S’il est incontestablement considéré comme le pionnier du cinéma africain noir, Sembène Ousmane n’en demeure pas moins l’une des voix les plus porteuses des vicissitudes de son temps, voire de celles passées. Son œuvre cinématographique, parfois adaptée de celle romanesque, l’une des plus riches et des plus authentiques que l’Afrique ait connu, continue d’interroger la société sénégalaise, et partant africaine en proie à de nombreuses contraintes, politiques, sociales, culturelles, économiques, spirituelles… De « Borrom saret » (1962) à « Molaadé » (2004), jetons un regard panoramique sur l’œuvre cinématographique de l’artiste, en insistant sur quelques aspects de son discours.
Au commencement était le wolof.

L’écrivain kenyan Ngugi Wa Thiongo soutenait qu’on ne transcrira jamais mieux les réalités de la société africaine, qu’au travers de son propre langage. Bien avant lui, Sembène Ousmane semblait en avoir fait son crédo. En fait, principale langue véhiculaire du pays, et l’une des six nationales, le wolof occupe une place de choix dans tous ses films. Il est comme la peinture, riche de ses millions de pigments, dont se sert le cinéaste pour peindre la société sénégalaise à sa façon. N’affirma-t-il pas à ce sujet « Je souhaite que toute mon œuvre soit dans ce cadre, où l’Afrique s’exprime, se montre, désigne et s’assume. » ? Même si avec ses deux premiers courts métrages : « Borrom Saret » (1963) et « Niaye » (1965) cette prédominance n’est pas encore marquée (le jeu des personnages étant retranscrit en français par le narrateur) le wolof s’imposera progressivement comme sa langue de prédilection.

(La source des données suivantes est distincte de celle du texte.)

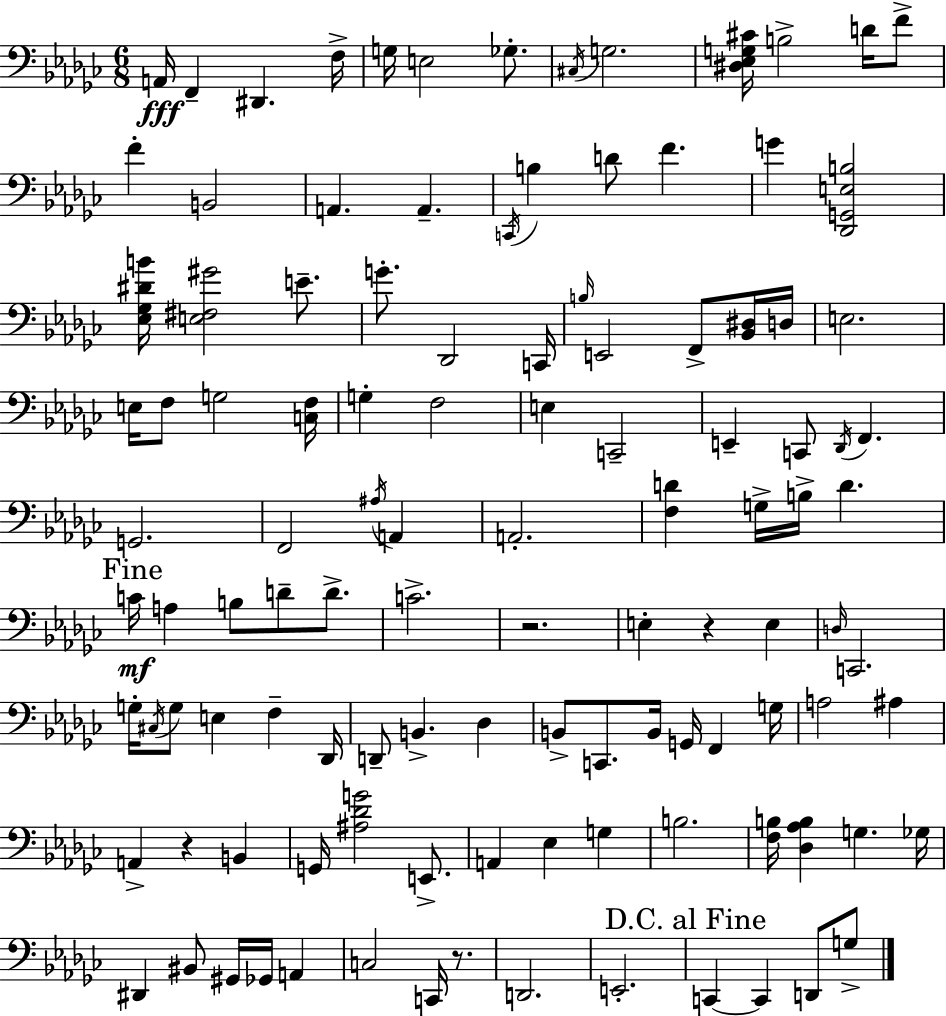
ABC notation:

X:1
T:Untitled
M:6/8
L:1/4
K:Ebm
A,,/4 F,, ^D,, F,/4 G,/4 E,2 _G,/2 ^C,/4 G,2 [^D,_E,G,^C]/4 B,2 D/4 F/2 F B,,2 A,, A,, C,,/4 B, D/2 F G [_D,,G,,E,B,]2 [_E,_G,^DB]/4 [E,^F,^G]2 E/2 G/2 _D,,2 C,,/4 B,/4 E,,2 F,,/2 [_B,,^D,]/4 D,/4 E,2 E,/4 F,/2 G,2 [C,F,]/4 G, F,2 E, C,,2 E,, C,,/2 _D,,/4 F,, G,,2 F,,2 ^A,/4 A,, A,,2 [F,D] G,/4 B,/4 D C/4 A, B,/2 D/2 D/2 C2 z2 E, z E, D,/4 C,,2 G,/4 ^C,/4 G,/2 E, F, _D,,/4 D,,/2 B,, _D, B,,/2 C,,/2 B,,/4 G,,/4 F,, G,/4 A,2 ^A, A,, z B,, G,,/4 [^A,_DG]2 E,,/2 A,, _E, G, B,2 [F,B,]/4 [_D,_A,B,] G, _G,/4 ^D,, ^B,,/2 ^G,,/4 _G,,/4 A,, C,2 C,,/4 z/2 D,,2 E,,2 C,, C,, D,,/2 G,/2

Le recours à sa langue maternelle se fait avec la prise en compte de toute la richesse stylistique de l’art oratoire africain. « Ceddo » (1977) en est l’illustration parfaite. Édifiante immersion dans la richesse discursive du Sénégal profond, il nous plonge au pays des griots, des conteurs, maîtres de cérémonie et autres manipulateurs du verbe. Sembène nous démontre alors que parler de l’Afrique c’est parler « africain ». L’artiste doit pouvoir se servir des différents codes endogènes pour se lancer dans l’arène de l’altérité. Il fustige même les africains qui, ayant fait l’expérience de l’ailleurs, se permettent de renoncer à leur langue, à leur culture. C’est le cas dans « Guelwaar » (1992) où Barthélémy, sénégalais subitement devenu européen du fait de son séjour en France, est fustigé par Gora pour ses « singeries du blanc ».

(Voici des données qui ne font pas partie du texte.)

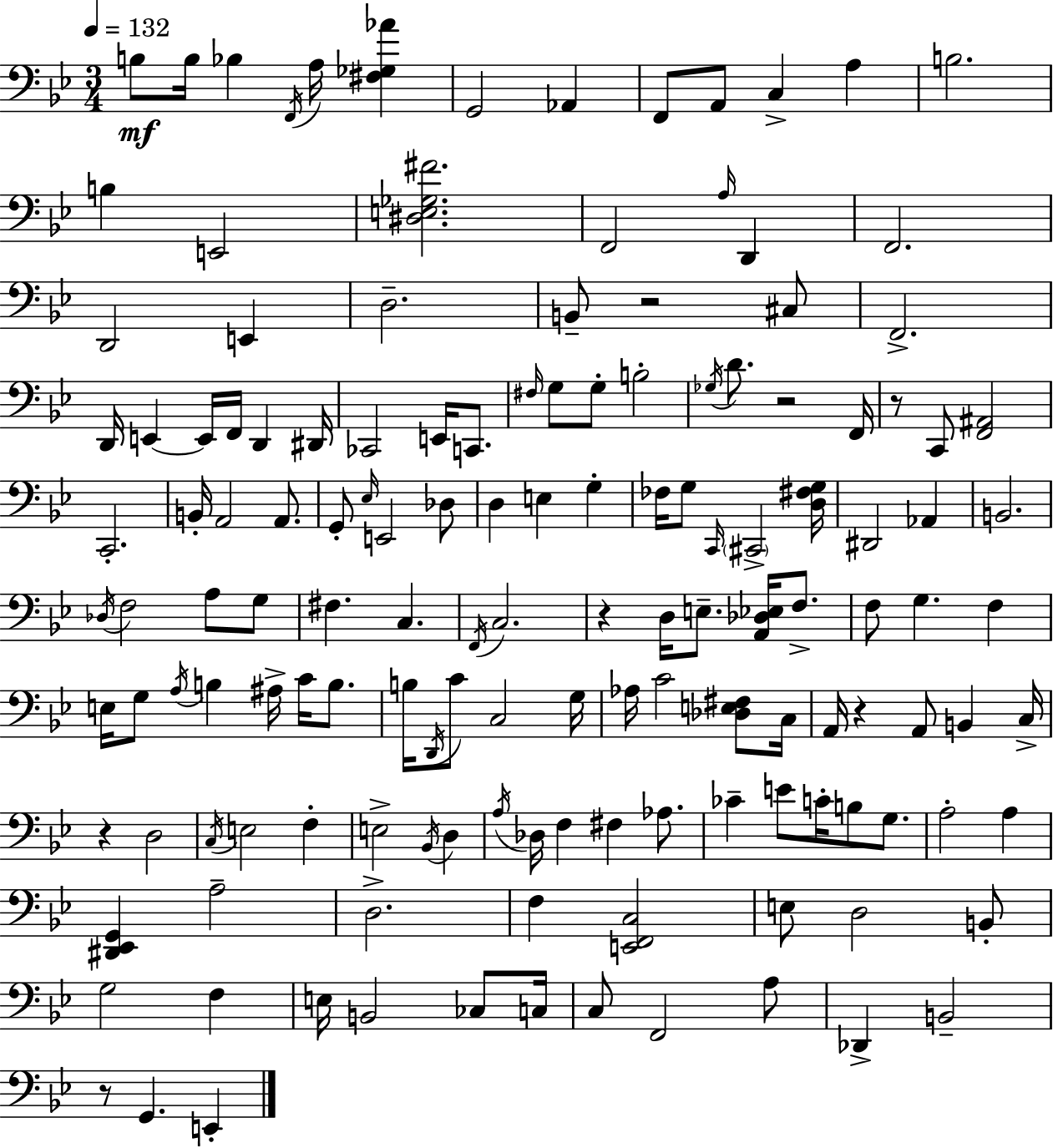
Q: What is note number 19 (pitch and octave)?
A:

L’engagement social et le devoir de mémoire

« Le mandat » (1968) marque une étape dans la carrière de Sembène. Son discours devient plus acerbe, voire dérangeant. Il marche sur une pente raide et il le sait. Cette tendance n’est pas inédite. Exclu de l’école au Sénégal pour son caractère subversif, ancien syndicaliste et opposant à la guerre d’Indochine en France, il a toujours su se mettre du côté du plus faible. Il s’insurge contre une organisation sociale où les paysans sont asservis par la classe citadine et bourgeoise. Cet état de choses est également perçu dans « Xala » (1974) où il conteste la propension des politiques à s’engraisser aux détriments des plus faibles. La richesse sociale doit pouvoir bénéficier à tous, il est là pour le rappeler.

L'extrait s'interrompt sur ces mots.